I've been working on a variety of computer systems for about three decades now. I started with several proprietary systems in the early 1980s, graduated to MS-DOS 2.01 through 6.22, Windows from 3.0 (hated the text-based versions) through a beta of 8. Worked professionally for a while around AIX (IBM's flavor of Unix), dabbled with OS/2. I've played around with various flavors of Linux enough to be comfortable with configuring a system. I've never had a smart phone or tablet, my cell and laptop are issued by my employer.
My wife bought me a Nexus 7 16GB for my birthday, amazingly a local GameStop had one in stock. I've spent some time over the past week playing with it.
My early impressions:
The Nexus 7 is an OUTSTANDING tablet. It does a lot, and does it all very well. I've had no real problem with configuring or connecting anything. I can even transfer files via USB, something that my wife's iPad 3 cannot do without an app running on both ends. It just works.

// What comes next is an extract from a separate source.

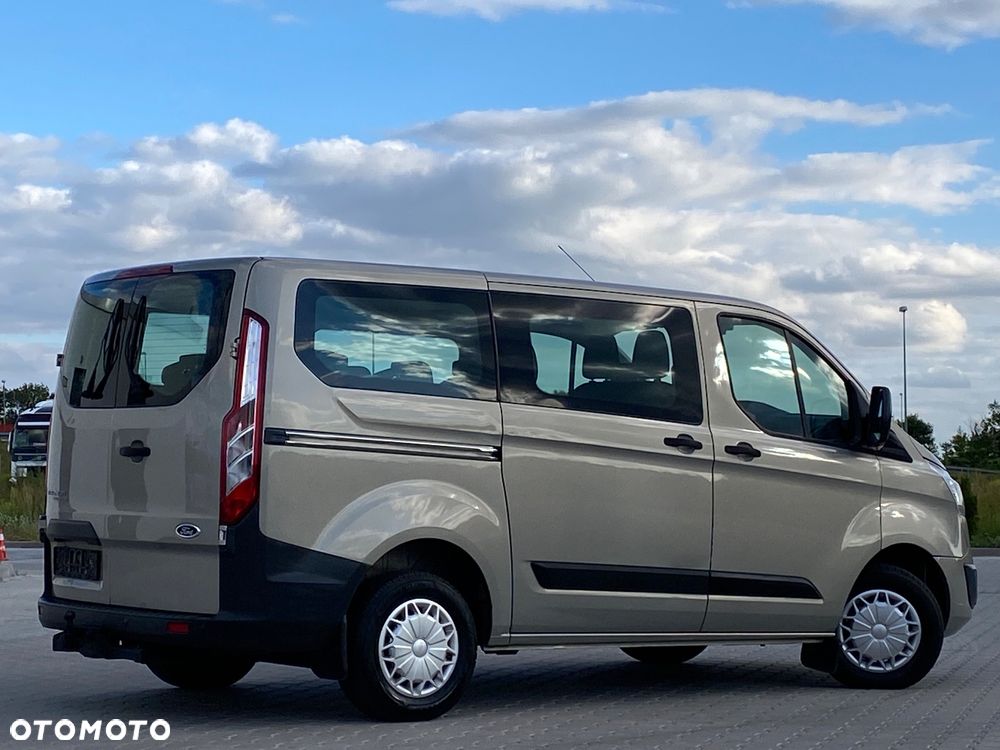 Ford Tourneo Custom - 19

The Nexus 7 is a poor excuse for a computer; in reality, it is a computing appliance. (I am not considering rooting, since it is beyond the capability of most users.) Customization options are extremely limited, mostly to appearance settings. The factory-installed apps for Gmail access your account as soon as the Nexus 7 is turned on, and there doesn't appear to be any way to change that behavior OR uninstall the app. Neither Chrome nor the Firefox beta have even the most basic security settings available to the user, which could easily create a privacy risk.
Over the years, I've been asked many times by many different people what I thought the computer of the future would become. I've always said that computers would evolve to the point where they are basically an appliance, where you turn it on and it just works; of course, an "appliance" has extremely limited customization options. The Nexus 7 is an implementation of that future.
I can understand how tablets, smart phones, and other computing appliances will make computing power accessible to many people who can't figure out a desktop; even our 20-month-old granddaughter knows how to play music, play simple games, and view pictures on grandma's iPhone. My disappointment is that such powerful devices are so highly restricted in how they can be configured.
Please avoid the flames, I only wanted to start an intelligent discussion.